Now, enough chatter about the ‘chat-vatar’: it's time to get to work. This is what you’ll need to get started.

Prerequisites

  1. Azure subscription: If you don't already have one, you'll need to sign up for an Azure subscription. Create a free account to access a wide range of cloud services, ink-luding the Cognitive Services we'll be using.

  2. Create a speech resource in Azure: Once you have your Azure subscription, the next step is to create a Speech resource within the Azure portal.
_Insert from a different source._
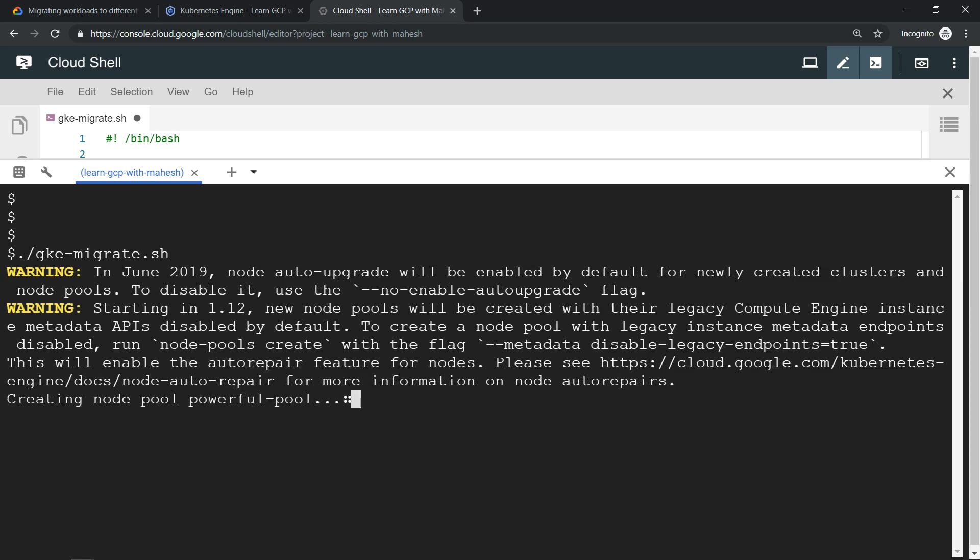You see immediately it started creating the powerful pool node pool, which is n1 standard. Once it is done, we should have a new node pool plus we should have the access scope for accessing our Cloud SQL instance. That's the most important thing based on our requirement. Let's wait for a minute or so.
This resource is crucial for accessing Azure's Text-to-Speech (TTS) capabilities that our avatar will use to speak. Creating this resource is straightforward, and you can begin the process here.

  3. Obtain your Speech resource key and region: After your Speech resource is deployed, select Go to resource to view and manage keys. For more information about Azure AI services resources, see Get the keys for your resource.

  4. OpenAI Subscription: In addition to Azure, you'll also need an OpenAI subscription to access the advanced language model APIs for our avatar's brain. Create an account here.

  5. Generate a new secret key in the OpenAI API portal: Finally, with your OpenAI account set up, you'll need to generate a new secret key. Create your key by visiting the API keys section of the OpenAI platform.

With these prerequisites in place, you're set to start building.

Step 1. Initiating a Next.js project from scratch

Let's kick things off by setting up a Next.js project, the foundation for our talking avatar application.

  1. Create your Next.js application: run the following command to create a new Next.js app. This command scaffolds a new project with the latest version of Next.js. npx create-next-app@latest

  2. Configure Your Project: During the setup process, you'll be prompted to make several choices about the configurations for your project. Here's how you should respond:

What is your project named?  zippy-talking-ai
Would you like to use TypeScript?  Yes
Would you like to use ESLint?  Yes
Would you like to use Tailwind CSS?  Yes
Would you like to use src/ directory?  No
Would you like to use App Router? (recommended)  Yes
Would you like to customize the default import alias (@/*)?  No
  1. Project Structure: Once the base of your project is set up, update it by deleting unnecessary files and directories and creating the files and directories shown in the following structure:
tree -L 3 -I node_modules
.
├── LICENSE
├── README.md
├── components
│   ├── avatar
│   │   ├── Visemes.tsx
│   │   └── ZippyAvatar.tsx
│   └── icons
│       └── PaperAirplane.tsx
├── constants
│   └── personality.tsx
├── hooks
│   └── useSpeechSynthesis.ts
├── next-env.d.ts
├── next.config.js
├── package-lock.json
├── package.json
├── pages
│   ├── _app.tsx
│   ├── api
│   │   ├── azureTTS.ts
│   │   ├── openai.ts
│   │   └── server.ts
│   └── index.tsx
├── poetry.lock
├── postcss.config.js
├── public
│   ├── demo.mp4
│   ├── favicon
│   │   └── favicon.ico
│   └── images
│       ├── architecture.drawio
│       ├── architecture.svg
│       └── zippy.png
├── pyproject.toml
├── styles
│   └── globals.css
├── tailwind.config.ts
├── tsconfig.json
└── utils
    └── playAudio.ts


14 directories, 55 files

This structure includes directories for components (like your avatar and icons), utilities, hooks for reusable logic, and pages for your web app's views, among other essential files and configurations.

With these steps, you've successfully done the legwork for your Next.js project.

Step 2. The avatar’s components

In this phase, we're going to use Zippy as the model for our chat-vatar. Zippy is our team’s virtual assistant, and helps us with a series of tasks such as providing reminders, scheduling meetings, and managing vacation reports. While Zippy's body will have its own set of animations, our focus here is on animating the mouth to correspond with the character’s spoken phonemes.

The animation varies significantly, depending on the avatar's design. For Zippy, we're concentrating on the mouth, but the principles we discuss could apply to other elements like eyes or even tentacles for more uniquely designed avatars.

Zippy’s profile pic (the assistant bot for the Monadical team).

Figura 2. Zippy’s profile pic (the assistant bot for the Monadical team).

Preparing the Avatar's Image

First, we'll start with Zippy's image. The required resources, including the PNG image and various mouth shapes for animation, are all located here.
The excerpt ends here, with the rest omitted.